To provide an overview of the paper, we have organized it in the following manner: In Section 2, we summarize the relevant literature, while Section 3 outlines the methodology we employed in our project. Section 4 will showcase the results we obtained, and finally, in Section 5, we present our concluding thoughts.

2. Related Work

The landscape of sign language translation and recognition research is rich and varied, marked by a series of interconnected advancements that build upon each other. This section weaves through these developments, highlighting how each contribution sets the stage for the next.

Starting with Bungeroth & Ney [8], we see the foundations being laid with a German Sign Language (DGS) translation system. This innovative approach, integrating audio feedback and animated representation, utilizes IBM Model 1-4 and Hidden Markov Models (HMM) for training. The challenge they faced due to limited training samples echoes the necessity for a robust corpus, as further exemplified by the notation method of [9].

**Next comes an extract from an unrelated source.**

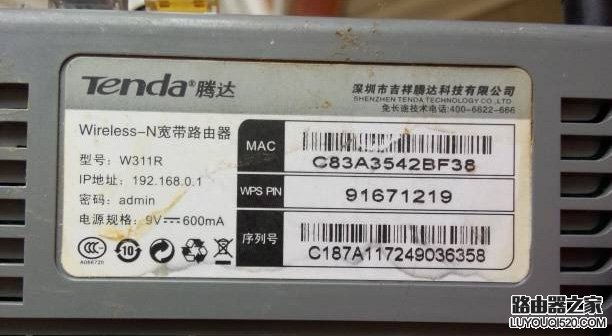 腾达路由器登陆密码是多少?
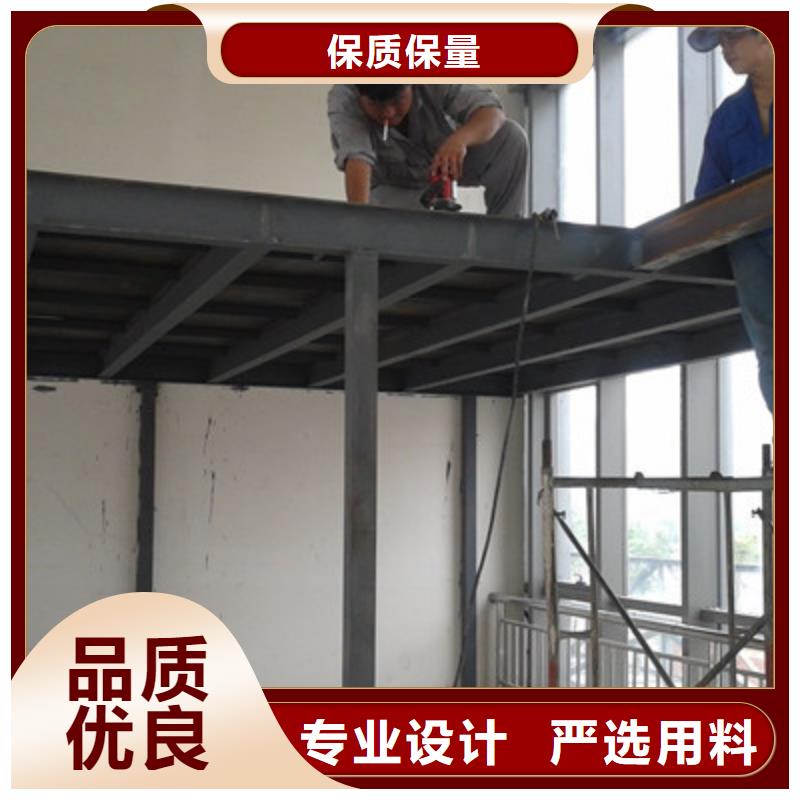 长海县25mm水泥纤维楼层板夹层楼板价格=质量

Building on the concept of practical translation, San-Segundo et al. [10] introduced a real-time method for Spanish-to-sign language translation. Their dual approach, blending rule-based and statistical methods, demonstrated adaptability and precision, particularly in contexts with limited vocabulary.

Pichardo-Lagunas et al. [11] continued this trajectory, focusing on Mexican Sign Language (MSL). They brought a meticulous, analytical lens to Spanish text, using Freeling to classify words for accurate translation. This method, though currently limited to one-way translation, reflects the evolving complexity of sign language translation systems.

Segueing to pose detection and classification, Qiao et al. [12] utilized the OpenPose model, demonstrating a significant leap in motion analysis without the dependency on specialized hardware. This development represents a shift towards more accessible and cost-effective solutions in the field.

Barrera-Melchor et al. [13] then added a new dimension by applying these technologies to educational content translation into MSL. Their cloud-based system, which translates speech to text and then to MSL using a 3D avatar, exemplifies the integration of cloud computing in sign language translation.

In a similar vein, focusing on a specific application area, Sosa-Jimenez et al. [14] developed a research prototype tailored for primary care health services in Mexican Sign Language. Their use of Microsoft Kinect sensors [15] and HMMs highlights the trend of specialized systems addressing distinct contexts like healthcare.

Parallel to these developments, Martínez-Gutiérrez et al. [16] and Martinez-Seis et al. [17] focused on MSL alphabet recognition through advanced computational methods, each achieving notable accuracy in their respective areas.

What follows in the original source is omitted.